Eva Perón (1919-1952) já andou nas telas, como atriz (com o nome de Eva Duarte) e como personagem, num filme de Marvin Chomsky, feito para a TV em 1981, com Faye Dunaway e James Farentino, no papel de Juan Domingo Perón. Nada tinha a ver com o musical da Broadway que Alan Parker ora recicla em Buenos Aires, mas é óbvio que se aproveitou da onda em torno de "Evita". Era tão ruim que até os argentinos que se lixam para a "deusa dos descamisados" o detestaram.
Só mesmo fora da Argentina ocorreria a alguém filmar a vida de Evita. Nem uma saga a favor os argentinos se permitiriam fazer. Livros, tudo bem. Tomás Eloy Martínez publicou, em meados do ano passado, "Santa Evita", assunto de uma extensa reportagem do "The New York Times". Não era, a despeito do título, uma hagiografia. Só às livrarias francesas chegaram, nos últimos tempos, mais duas obras sobre a personagem de Madonna: "Eva Peron", de Alicia Dujovne-Ortiz, e "Le Dernier Tango d'Evita", do italiano Gino Nebiolo, ambas críticas do festim macabro montado com o cadáver dela durante 24 anos.

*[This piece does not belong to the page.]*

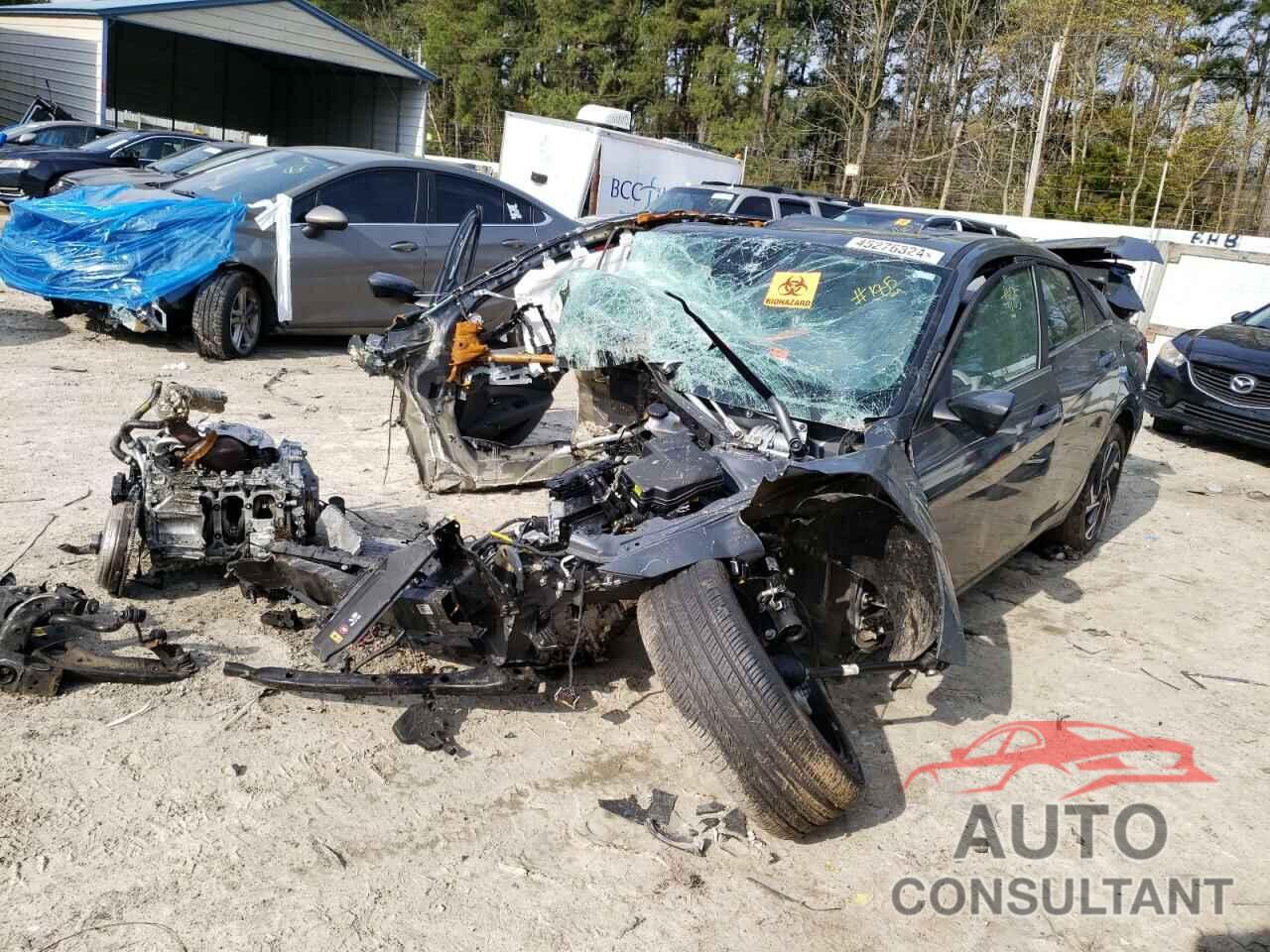 HYUNDAI ELANTRA 2024 - KMHLS4DG2RU658538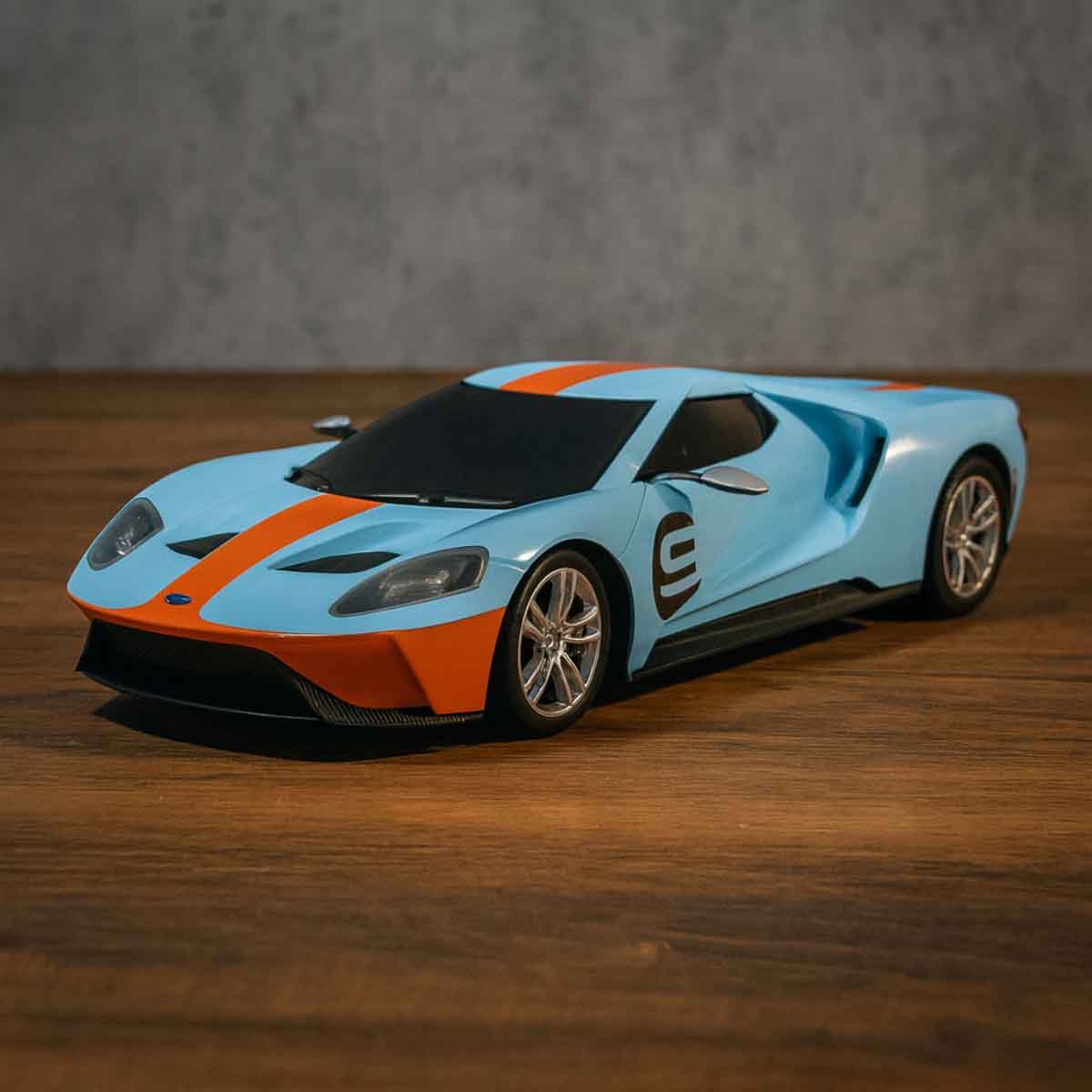 مايستو سيارة آر سي فورد GT هيريتج بمقياس 1:24 للأولاد، 5-7 سنوات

A preocupação maior dos que a cultuam é com a imagem que ela venha a ter com o rosto e o corpo de outra mulher. Não importa que mulher, pois nenhuma, aos olhos dos seus idólatras, está à altura de encarnar a "santa portenha". Que santa nunca foi.
Calculista, narcisista, sentimental e canalha como Borges dizia ser o tango, Evita foi a Mãe Ubu dos pampas. Para entendê-la, é preciso entender o que há de estranho e noturno na realidade argentina. Para entender sua mitificação, é preciso entender a vocação dos argentinos para a necrofilia.
Atriz medíocre e secundária, numa época em que os corações do país pulsavam por Libertad Lamarque e outras divas da tela, Eva, então simplesmente Duarte, apareceu em meia dúzia de filmes no começo dos anos 40. O último, "La Prodiga", finalizado em 1945, teve seu lançamento suspenso por ordem da Casa Rosada. Evita, àquela altura já Perón e primeira-dama, não queria ser mais confundida com a Duarte.
Para mostrar que deixara de ser coadjuvante, pôs sob seu controle toda a indústria cinematográfica, movendo implacável perseguição àqueles que odiava e invejara. Atrizes, atores, cineastas e técnicos foram obrigados a procurar emprego em outras paragens. Libertad Lamarque, como a maioria, foi para o México.
Ao chegar ao poder, Evita dedicou-se a construir seu próprio mito, escamoteando tudo que pudesse turvar sua "pureza". Recriou sua vida pregressa e até documentos adulterou para que a acreditassem uma esposa devota e imaculada. Sua autobiografia, "La Razón de Mi Vida", virou leitura obrigatória em todas as escolas do país.
Ao morrer de câncer, ainda por cima com a idade de Cristo, foi instantaneamente canonizada. Seu embalsamador, Pedro Ara, tudo fez para que ela ficasse tão bem mumificada quanto Lênin. Talvez esperançoso de que um dia Evita viesse a ressuscitar, não extraiu, como é de praxe, os órgãos internos da defunta. Até hoje, porém, ela continua rija debaixo da terra, no cemitério de Recoleta, na capital argentina.